:: The problem ::
For each line below that holds the word "Pink", make a copy.

(Beginning of Task data)

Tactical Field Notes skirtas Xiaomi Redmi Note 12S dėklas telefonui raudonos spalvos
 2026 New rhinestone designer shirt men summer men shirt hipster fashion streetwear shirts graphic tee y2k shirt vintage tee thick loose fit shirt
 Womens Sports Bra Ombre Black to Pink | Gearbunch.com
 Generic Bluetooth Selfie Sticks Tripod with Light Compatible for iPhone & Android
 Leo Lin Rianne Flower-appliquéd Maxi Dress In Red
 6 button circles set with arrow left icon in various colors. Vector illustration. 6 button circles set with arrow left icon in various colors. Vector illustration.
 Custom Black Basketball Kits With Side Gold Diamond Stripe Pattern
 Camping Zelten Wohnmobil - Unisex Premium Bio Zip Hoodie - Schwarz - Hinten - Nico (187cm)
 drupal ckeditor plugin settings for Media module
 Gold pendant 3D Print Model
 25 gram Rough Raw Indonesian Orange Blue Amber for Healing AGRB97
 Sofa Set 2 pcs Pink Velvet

(End of Task data)

:: Response area ::
 Womens Sports Bra Ombre Black to Pink | Gearbunch.com
 Sofa Set 2 pcs Pink Velvet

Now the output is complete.